Тикара впервые отправлялся в Эдо — город, где ему предстояло умереть. Конечно, при благоприятном стечении обстоятельств ему, может быть, и удастся выжить в схватке, когда свершится месть, но ведь он шли против закона и, стало быть, все равно их ожидала неминуемая смерть. Ну, а если не повезет, может быть, он падет от чьего-то меча, так и не увидев головы заклятого врага. Или — кто знает — возможно, еще раньше его настигнет клинок подосланного убийцы… Как бы ни сложилось, в любом случае его ждет смерть. Все помыслы Тикары были об одном: как отомстить заклятому врагу покойного господина. О том, что ему самому суждено при том погибнуть, он думал спокойно, почти равнодушно. Наверняка он узнал об уготованной ему участи перед тем, как отправиться в Эдо. Как-то раз они сидели друг напротив друга с
отцом, и тот вдруг спросил:
— Не хотел бы ты повидаться с братьями и сестренкой?
Мать и братья жили сейчас у деда в Тадзиме. Тикара просиял, глаза его блеснули.
— Наверное, хотел бы, — ответил он. — Можно мне наведаться ненадолго в Тадзиму — попрощаться?
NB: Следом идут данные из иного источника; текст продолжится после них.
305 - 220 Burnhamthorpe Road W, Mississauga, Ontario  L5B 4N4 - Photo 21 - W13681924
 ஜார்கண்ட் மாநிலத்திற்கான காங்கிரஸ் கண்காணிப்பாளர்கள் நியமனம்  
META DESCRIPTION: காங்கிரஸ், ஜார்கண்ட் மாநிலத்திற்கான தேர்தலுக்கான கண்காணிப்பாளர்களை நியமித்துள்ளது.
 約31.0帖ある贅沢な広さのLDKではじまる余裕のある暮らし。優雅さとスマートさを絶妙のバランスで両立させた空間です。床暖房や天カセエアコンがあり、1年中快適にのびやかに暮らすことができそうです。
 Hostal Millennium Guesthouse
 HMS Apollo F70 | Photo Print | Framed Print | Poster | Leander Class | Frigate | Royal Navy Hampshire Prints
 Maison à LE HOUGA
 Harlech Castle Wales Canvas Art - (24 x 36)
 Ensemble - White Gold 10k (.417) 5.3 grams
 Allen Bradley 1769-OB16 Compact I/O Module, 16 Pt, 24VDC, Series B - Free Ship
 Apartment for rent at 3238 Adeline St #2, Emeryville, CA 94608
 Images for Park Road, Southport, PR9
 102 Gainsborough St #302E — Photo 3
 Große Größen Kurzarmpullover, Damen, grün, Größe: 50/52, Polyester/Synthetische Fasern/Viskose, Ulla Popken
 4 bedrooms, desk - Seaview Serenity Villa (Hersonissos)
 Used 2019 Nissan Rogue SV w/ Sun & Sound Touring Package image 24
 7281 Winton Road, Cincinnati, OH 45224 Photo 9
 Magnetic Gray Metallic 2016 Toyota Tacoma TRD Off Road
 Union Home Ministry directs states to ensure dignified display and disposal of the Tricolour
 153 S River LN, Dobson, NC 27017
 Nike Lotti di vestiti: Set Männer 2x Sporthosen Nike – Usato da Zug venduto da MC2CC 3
— Делай так, как сам сочтешь нужным. Только если пойдешь в Тадзиму, лучше там ни о чем таком не говорить… Ни к чему их беспокоить.
— Хорошо, — тихо промолвил Тикара, должно быть, вполне понимая, что имеет в виду отец.
Кураноскэ, пожалев сына, разрешил Тикаре повидаться в последний раз с матерью и братьями, но сам же и переживал от того, что в действительности совершил безжалостный поступок. Сын, конечно, уже, можно сказать, взрослый мужчина, но что он должен почувствовать, встретившись в такой момент с семьей! Сердце Кураноскэ разрывалось от того, что он так жестоко обошелся с сыном.
Однако Тикара вернулся через три дня из Тадзимы в состоянии духа куда более бодром, чем ожидал отец.
— Вот и я! — крикнул он с порога.
— Ну, как там все было? — спросил Кураноскэ.
— Дедушка и мама очень обрадовались. Дайдзабуро и остальные прямо повисли на мне и
ни за что не хотели отпускать. Просто беда с ними!
— Хм… Ты им не сказал, что отправляешься в Эдо?
— Нет… Но дедушка как будто бы все знал — он мне на прощанье сказал: «— Смотри там, не подкачай!» Мама молчала, но глаза у нее были все красные…
— Вот как? Что же, дед, наверное, все понял, — сказал Кураноскэ, — ну, и хорошо!
Подробности он слушать не стал. Хотя Тикара пытался представить, что ему уже не доведется более увидеться с матерью и братьями, от которых он только что вернулся, осознать это до конца он не мог. Ему хотелось верить, что еще представится случай где-нибудь встретиться. Потому-то он и не выглядел подавленным, как того опасался отец. Наоборот, он был полон воодушевления, впервые в жизни ощущая себя полководцем, выступающим в поход. С ним вместе должны были идти трое: старый Кюдаю Масэ, их родич Сэдзаэмон Оиси и молодой Синдзити Касэмура. Однако перед самым отправлением присоединились еще трое: Коуэмон Онодэра, Исукэ Яно и Васукэ Каяно.